Please use two space indendation consistenly and remove empty lines and whitespaces, here and elsewhere.

::: dom/security/test/csp/file_frame_b.html:10
(Diff revision 1)
> +          parent.parent.postMessage({call: "frameLoaded", testname: "frame_b", uri: window.location.toString()}, "*");
> +    </script>
> +  </head>
> +  <body>
> +
> +    <tt>  IFRAME D</tt><br/>

this file is named *frame_b.html but here it's named 'IFRAME D' - please make that consistent here and elsewhere.

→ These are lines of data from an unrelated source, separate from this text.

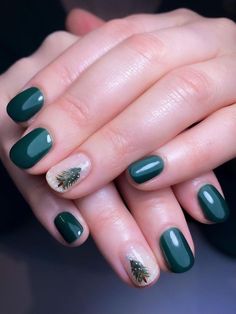 Christmas Tree Nails, Tree Nails, Christmas Nails Easy, Christmas Gel Nails, Green Nail, Her Nails, Christmas Nails Acrylic, Festival Nails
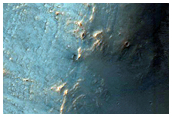 Light-Toned Deposit in Noctis Labyrinthus Hills

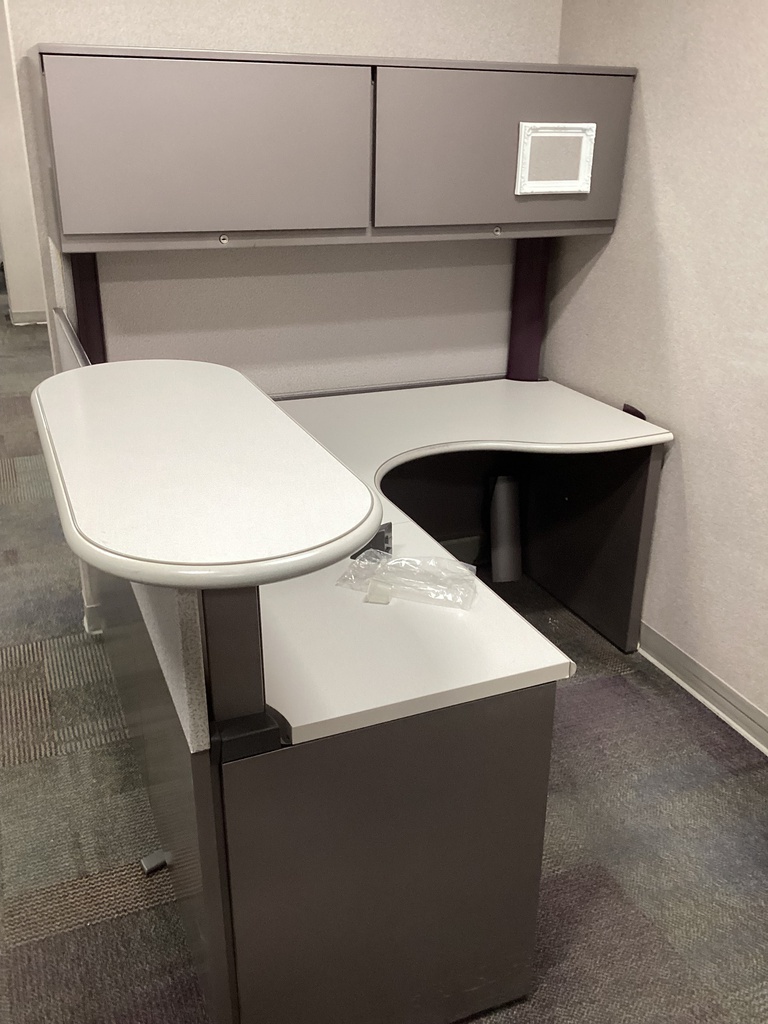 L-Shaped Cubicles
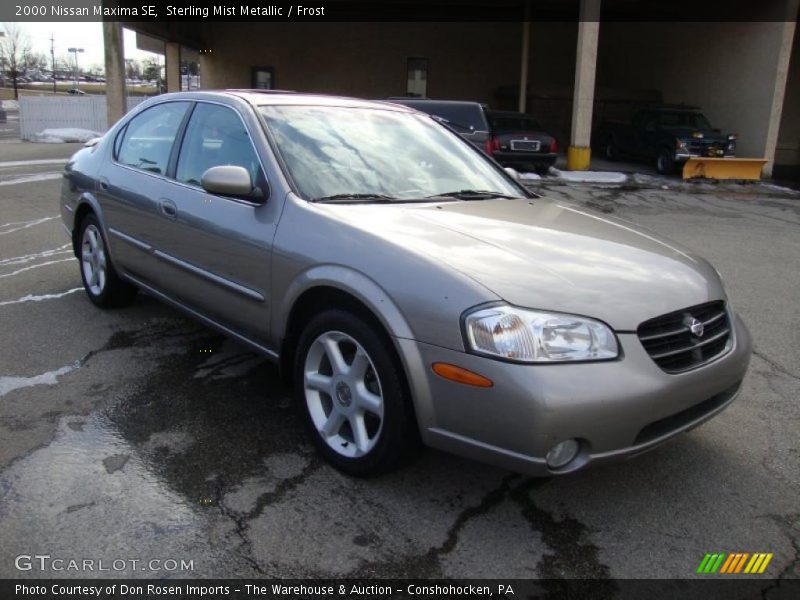 Sterling Mist Metallic / Frost 2000 Nissan Maxima SE
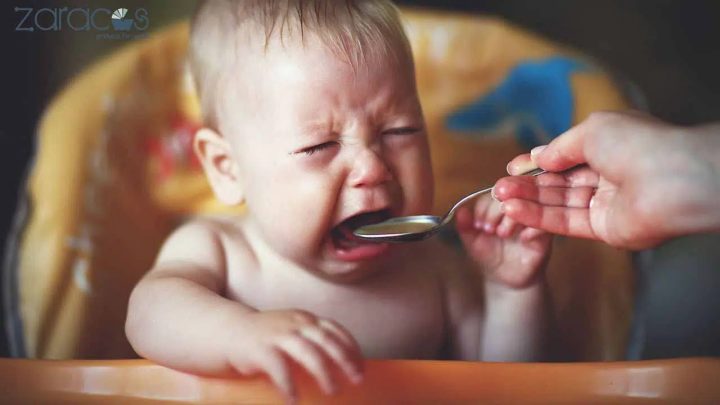 Bé không chịu ngồi ghế ăn dặm: Nguyên nhân & Giải pháp hiệu quả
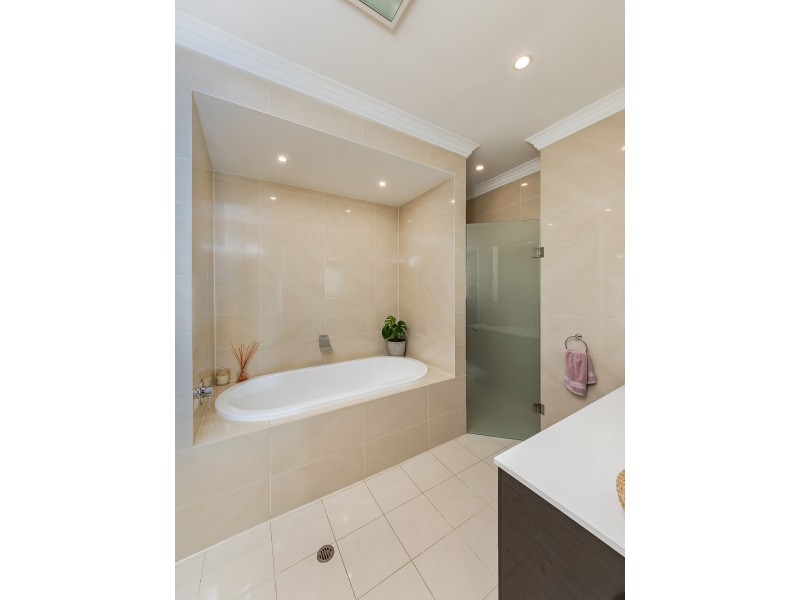 13 Thiele Grove, Hahndorf SA 5245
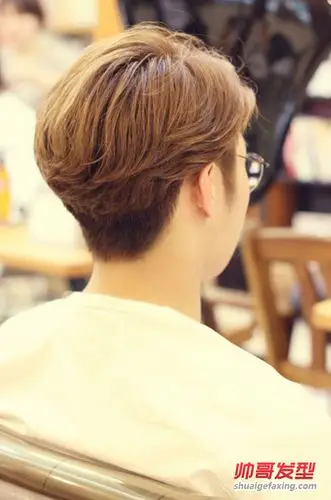 韩国发型设计师的两款男士侧分发型2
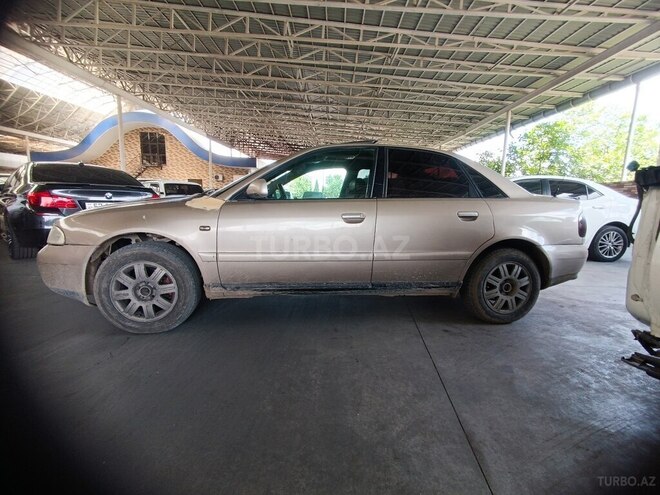 Audi A4-4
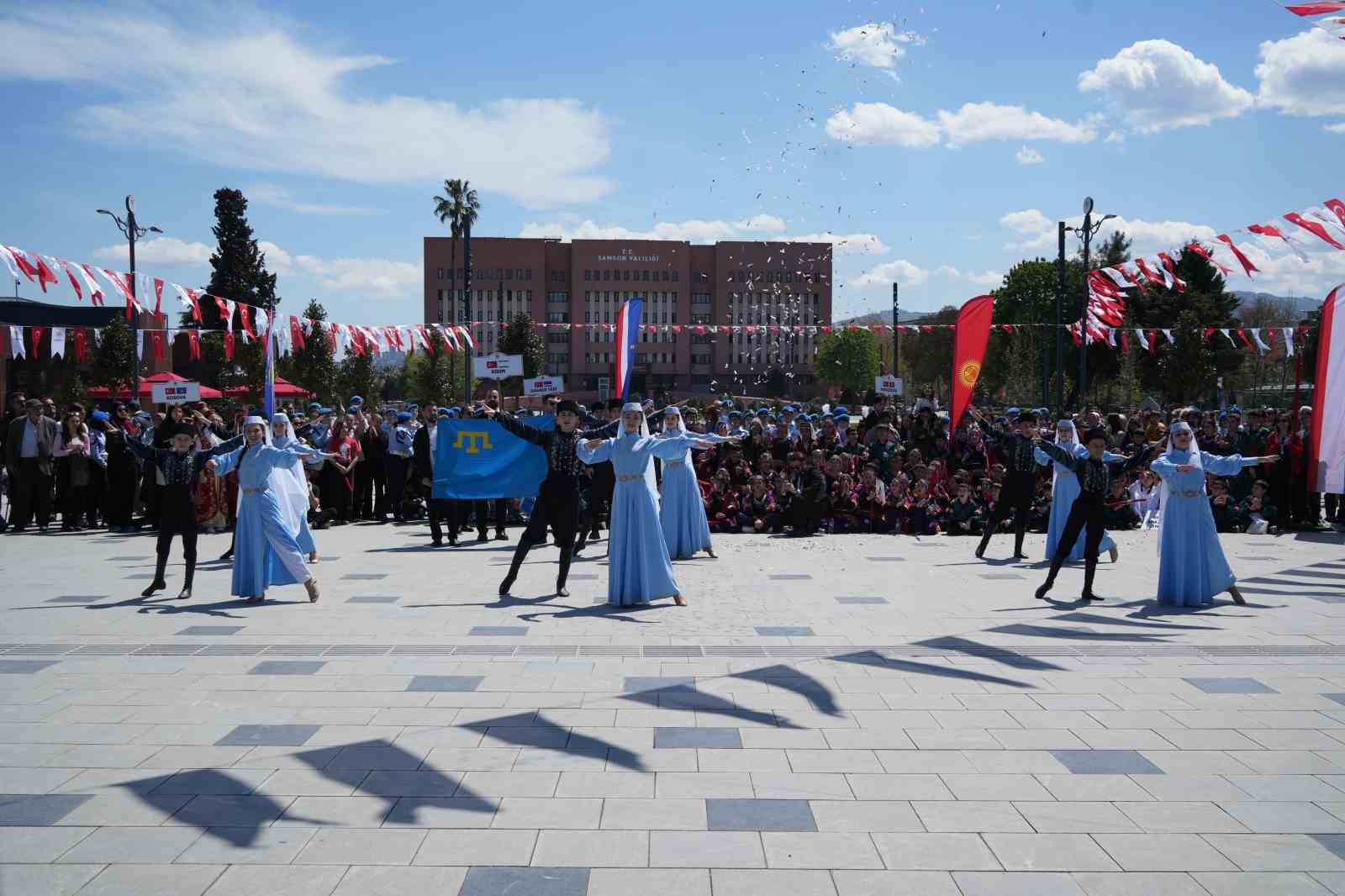 T&uuml;rk d&uuml;nyasının &ccedil;ocukları Samsun&rsquo;u renklendirdi
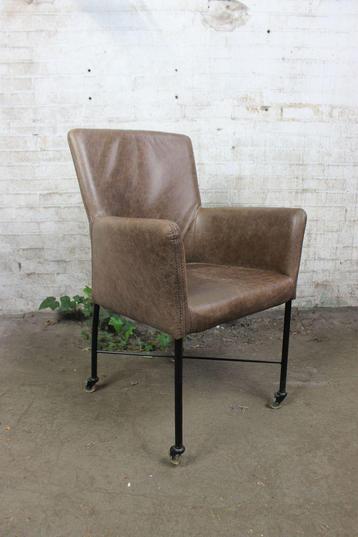 Just Design | Vergaderstoel | Tweedehands Bruin leder | VS14 beschikbaar voor biedingen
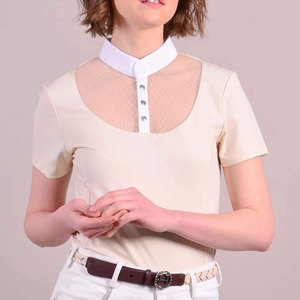 Chemise d'équitation beige à manches courtes pour femme avec col blanc et insert en mesh, boutonnée devant - Product Image 3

::: dom/security/test/csp/file_frame_d.html^headers^:1
(Diff revision 1)
> +Content-Security-Policy: default-src 'none'; frame-ancestors http://sampleuser:samplepass@example.com/ ; script-src 'self';

I would prefer if we could add that testcase of:

frame-ancestors http://sampleuser:samplepass@example.com/ 

to the compiled CSP Parser tests - here:
https://dxr.mozilla.org/mozilla-central/source/dom/security/test/gtest/TestCSPParser.cpp#801

::: dom/security/test/csp/mochitest.ini:35
(Diff revision 1)
>    file_evalscript_main_allowed.html^headers^
>    file_frameancestors_main.html
>    file_frameancestors_main.js
>    file_frameancestors.sjs
>    file_frameancestors_userpass.html
> -  file_frameancestors_userpass.js
> +  file_frame_a.html

nit: please prefix the helper files with the same naming as the actual tests:
e.g.
test_frameancestors_userpass.html
then helper files should be named:
file_frameancestors_userpass_frame_a.html
...

::: dom/security/test/csp/test_frameancestors_userpass.html:98
(Diff revision 1)
>  // -- we can't determine *which* frame was blocked, but at least we can count them
>  var frameBlocked = function(uri, policy) {
> -  //ok(true, 'a CSP policy blocked frame from being loaded: ' + policy);
> +
> +  //Check if @ symbol is there in URI or in csp policy.
> +  if(policy.includes('@') || uri.includes('@'))
> +  {

nit: curly braces goes on same line as if and please add a space between if and the opening bracket:
if (...) {

::: dom/security/test/csp/test_frameancestors_userpass.html:101
(Diff revision 1)
> +  //Check if @ symbol is there in URI or in csp policy.
> +  if(policy.includes('@') || uri.includes('@'))
> +  {
> +    ok(false, ' a CSP policy blocked frame from being loaded. But contains userpass. Policy is: ' + policy + ';URI is: ' + uri );
> +  }
> +  else {

nit: else goes on same line as curly brace:
} else {
  ...
}

::: dom/security/test/csp/test_frameancestors_userpass.html:103
(Diff revision 1)
> +  {
> +    ok(false, ' a CSP policy blocked frame from being loaded. But contains userpass. Policy is: ' + policy + ';URI is: ' + uri );
> +  }
> +  else {
> +    ok(true, ' a CSP policy blocked frame from being loaded. Doesn\'t contain userpass. Policy is: ' + policy + ';URI is: ' + uri );
> +  }

nit: lines should respect the 80 char limit here and elsewhere.
Attachment #8903649 - Flags: review?(ckerschb)
Nit: whenever uploading a new patch, please mark the outdated patches as obsolete - thanks!
Assignee: nobody → cegvinoth
Status: NEW → ASSIGNED
Priority: P3 → P2
Whiteboard: [domsecurity-backlog1] → [domsecurity-active]
Attachment #8902695 - Attachment is obsolete: true
Attachment #8902694 - Attachment is obsolete: true
Attachment #8902694 - Attachment is obsolete: true
Attachment #8902695 - Attachment is obsolete: true
Attachment #8903649 - Attachment is obsolete: true
(In reply to Christoph Kerschbaumer [:ckerschb] from comment #15)
> Comment on attachment 8903649 [details]
> Bug 1370468 - Tests for userpass in frame ancestor added
> 
> https://reviewboard.mozilla.org/r/175424/#review180758
> 
> This is getting really close. Just a few more nits and we are ready to go.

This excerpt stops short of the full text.